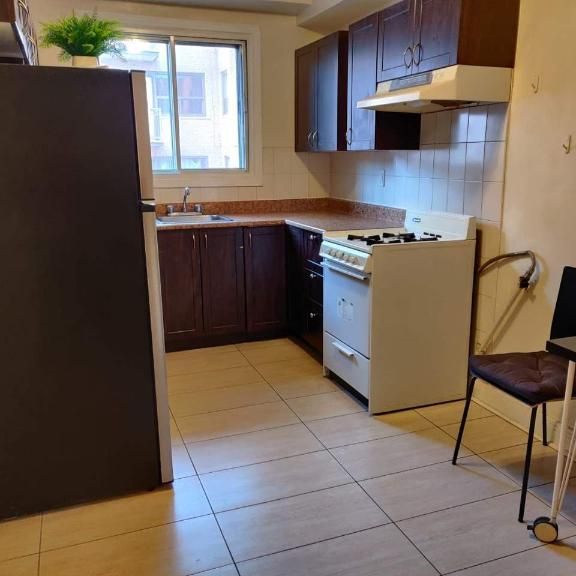 3 ½ SPACIEUX & BIEN ENTRETENU - Photo 1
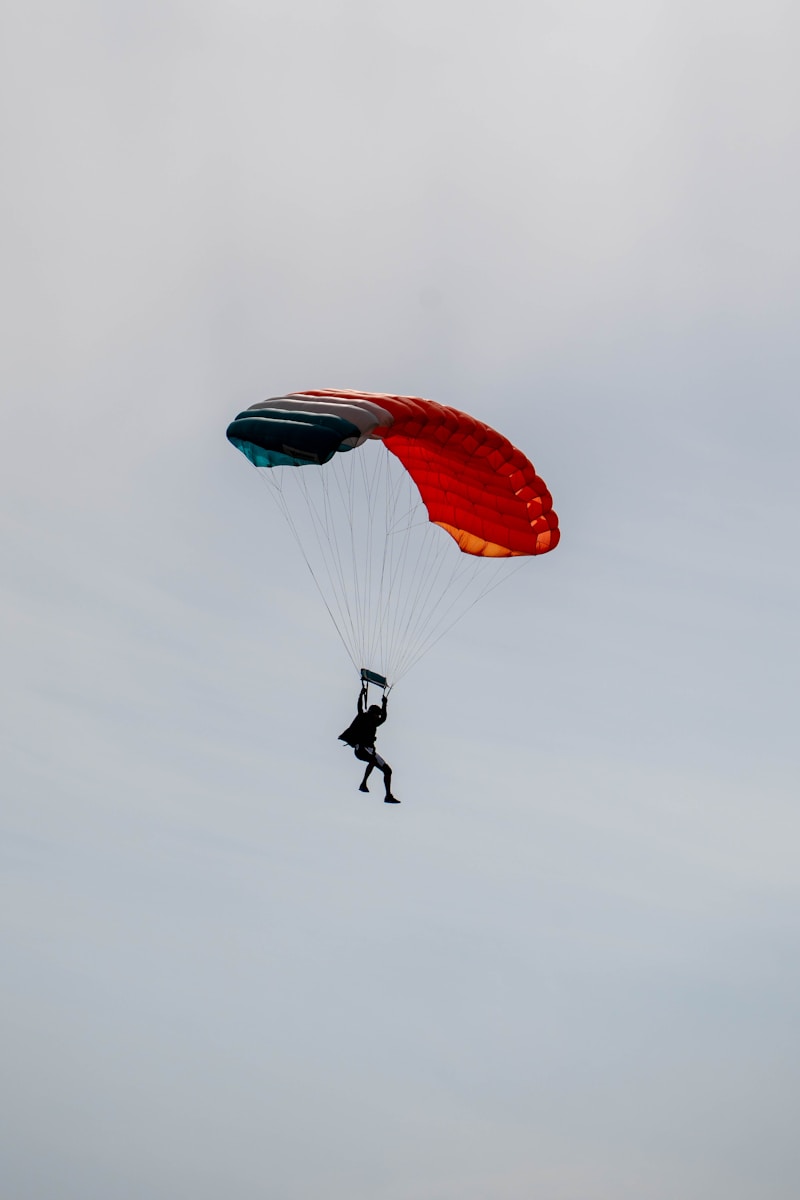 Survie en parachute : un jeune de 25 ans survit à une chute de 3 000 mètres aux États-Unis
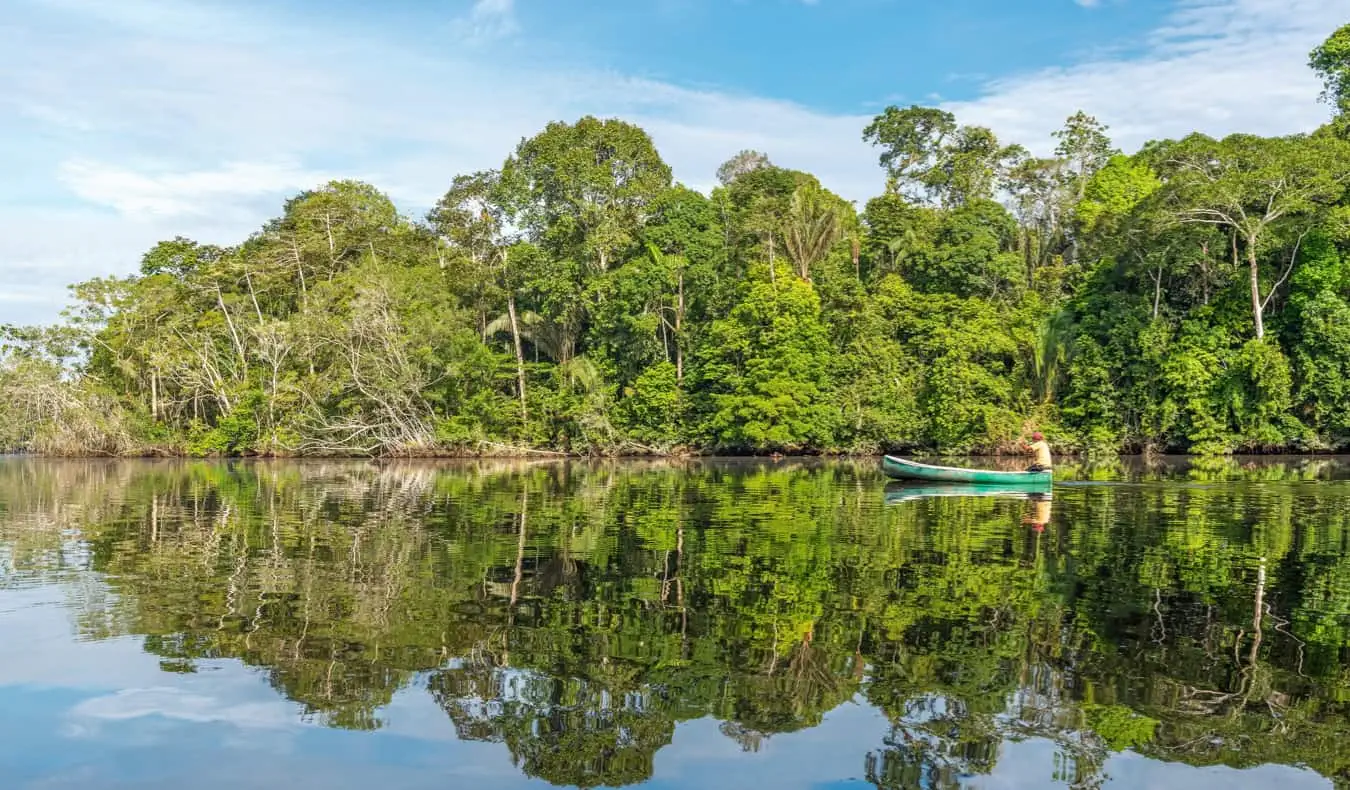 เรือแคนูลำเดียวในแม่น้ำที่คดเคี้ยวของอเมซอนในโบลิเวีย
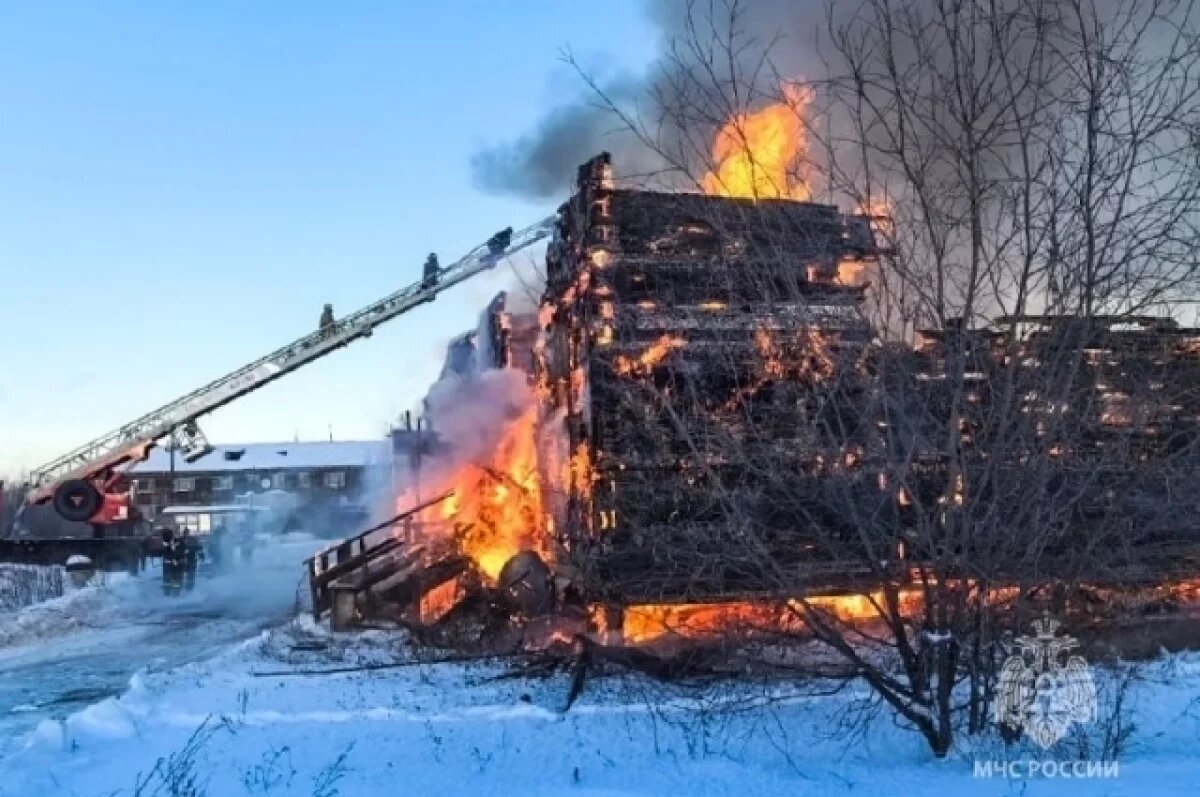    Два человека погибли на пожаре в частном доме в Якутии
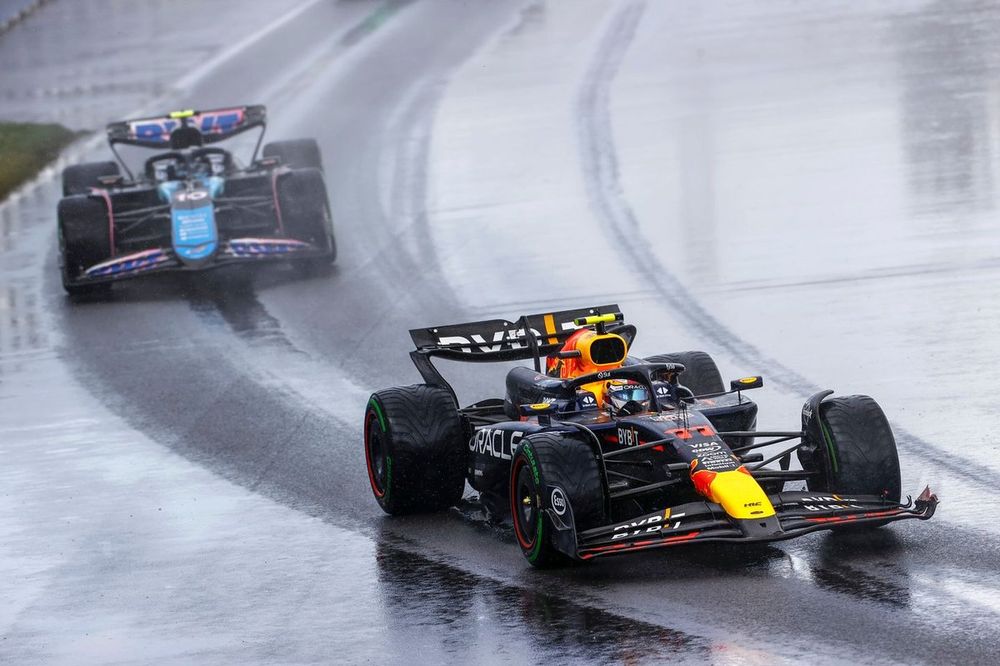 Sergio Pérez, Red Bull Racing RB20, Pierre Gasly, Alpine A524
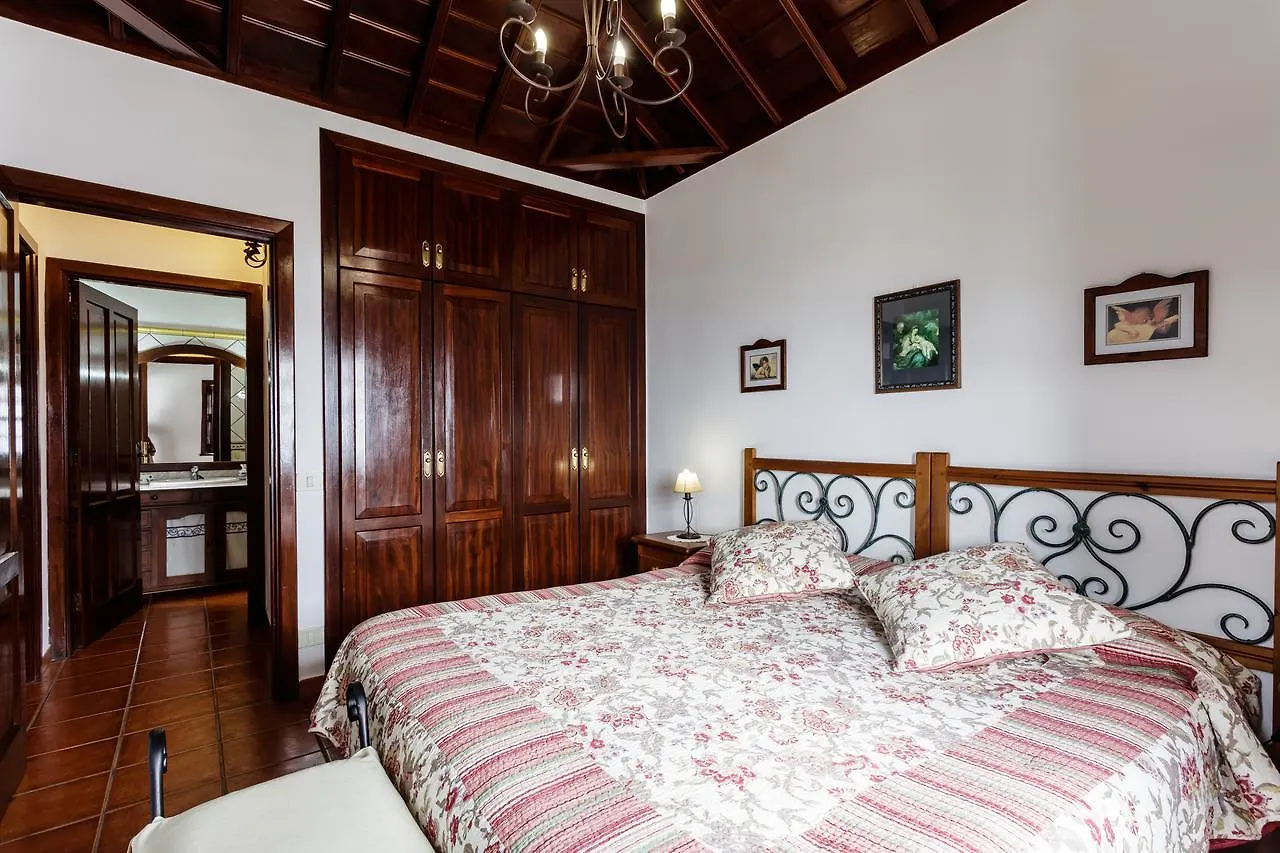 Tomasin Villa Puntallana 0*,  Spain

● ● ● ●

Any picture in the listing is to be omitted. Return exactly the lines from the one containing "Два человека погибли" through its last line, both included, and only those.

    Два человека погибли на пожаре в частном доме в Якутии
 Sergio Pérez, Red Bull Racing RB20, Pierre Gasly, Alpine A524
 Tomasin Villa Puntallana 0*,  Spain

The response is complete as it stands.